TASK REQUIREMENTS ▸ In the listing below, find the line with "Photo of Gigi, adoptable" and the line with "X0000093170571200710031506". Repeat those two lines and all lines between them exactly.

*** Opening RECORDS ***

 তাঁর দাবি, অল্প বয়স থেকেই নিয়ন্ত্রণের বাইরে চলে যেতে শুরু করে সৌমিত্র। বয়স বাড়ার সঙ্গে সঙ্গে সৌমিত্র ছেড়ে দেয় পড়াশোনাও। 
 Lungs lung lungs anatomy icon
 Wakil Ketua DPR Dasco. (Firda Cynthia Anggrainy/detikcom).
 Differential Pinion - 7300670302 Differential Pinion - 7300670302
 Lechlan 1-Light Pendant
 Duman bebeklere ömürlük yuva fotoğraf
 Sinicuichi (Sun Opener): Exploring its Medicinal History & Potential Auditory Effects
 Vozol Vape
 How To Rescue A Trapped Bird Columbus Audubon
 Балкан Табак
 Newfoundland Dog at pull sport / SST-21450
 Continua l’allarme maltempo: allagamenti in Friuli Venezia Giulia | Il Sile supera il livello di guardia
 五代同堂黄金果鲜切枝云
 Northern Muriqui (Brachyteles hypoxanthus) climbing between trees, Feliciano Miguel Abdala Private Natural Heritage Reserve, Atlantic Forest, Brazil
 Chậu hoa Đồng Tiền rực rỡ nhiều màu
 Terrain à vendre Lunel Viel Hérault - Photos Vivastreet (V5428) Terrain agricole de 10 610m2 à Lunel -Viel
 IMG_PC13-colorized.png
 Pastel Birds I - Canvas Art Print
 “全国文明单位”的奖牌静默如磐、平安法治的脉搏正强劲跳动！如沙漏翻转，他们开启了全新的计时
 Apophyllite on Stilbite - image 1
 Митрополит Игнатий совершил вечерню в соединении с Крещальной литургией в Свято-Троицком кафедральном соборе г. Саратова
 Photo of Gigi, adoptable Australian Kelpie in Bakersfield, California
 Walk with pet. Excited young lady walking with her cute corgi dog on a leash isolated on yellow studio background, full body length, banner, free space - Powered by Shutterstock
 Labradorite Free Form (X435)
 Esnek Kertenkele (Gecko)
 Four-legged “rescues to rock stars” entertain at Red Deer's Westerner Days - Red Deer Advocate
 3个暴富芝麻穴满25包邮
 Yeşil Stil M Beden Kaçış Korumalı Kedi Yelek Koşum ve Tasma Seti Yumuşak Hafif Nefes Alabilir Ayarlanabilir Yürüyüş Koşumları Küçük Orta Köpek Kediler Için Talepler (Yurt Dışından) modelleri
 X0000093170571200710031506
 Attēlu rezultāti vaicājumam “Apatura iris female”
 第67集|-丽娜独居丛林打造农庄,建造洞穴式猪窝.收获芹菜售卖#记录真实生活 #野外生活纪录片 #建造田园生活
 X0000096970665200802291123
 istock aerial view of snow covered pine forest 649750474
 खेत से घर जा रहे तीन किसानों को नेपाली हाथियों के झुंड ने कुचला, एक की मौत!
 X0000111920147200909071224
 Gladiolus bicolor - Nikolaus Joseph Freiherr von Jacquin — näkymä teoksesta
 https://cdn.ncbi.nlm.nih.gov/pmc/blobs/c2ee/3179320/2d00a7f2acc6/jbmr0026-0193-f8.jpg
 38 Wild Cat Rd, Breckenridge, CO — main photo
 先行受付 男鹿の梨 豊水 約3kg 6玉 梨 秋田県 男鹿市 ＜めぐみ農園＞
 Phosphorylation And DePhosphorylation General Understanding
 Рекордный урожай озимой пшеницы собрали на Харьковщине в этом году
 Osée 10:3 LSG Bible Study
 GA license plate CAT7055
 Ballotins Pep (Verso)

*** Closing RECORDS ***

EXERCISE RESULT ▸
 Photo of Gigi, adoptable Australian Kelpie in Bakersfield, California
 Walk with pet. Excited young lady walking with her cute corgi dog on a leash isolated on yellow studio background, full body length, banner, free space - Powered by Shutterstock
 Labradorite Free Form (X435)
 Esnek Kertenkele (Gecko)
 Four-legged “rescues to rock stars” entertain at Red Deer's Westerner Days - Red Deer Advocate
 3个暴富芝麻穴满25包邮
 Yeşil Stil M Beden Kaçış Korumalı Kedi Yelek Koşum ve Tasma Seti Yumuşak Hafif Nefes Alabilir Ayarlanabilir Yürüyüş Koşumları Küçük Orta Köpek Kediler Için Talepler (Yurt Dışından) modelleri
 X0000093170571200710031506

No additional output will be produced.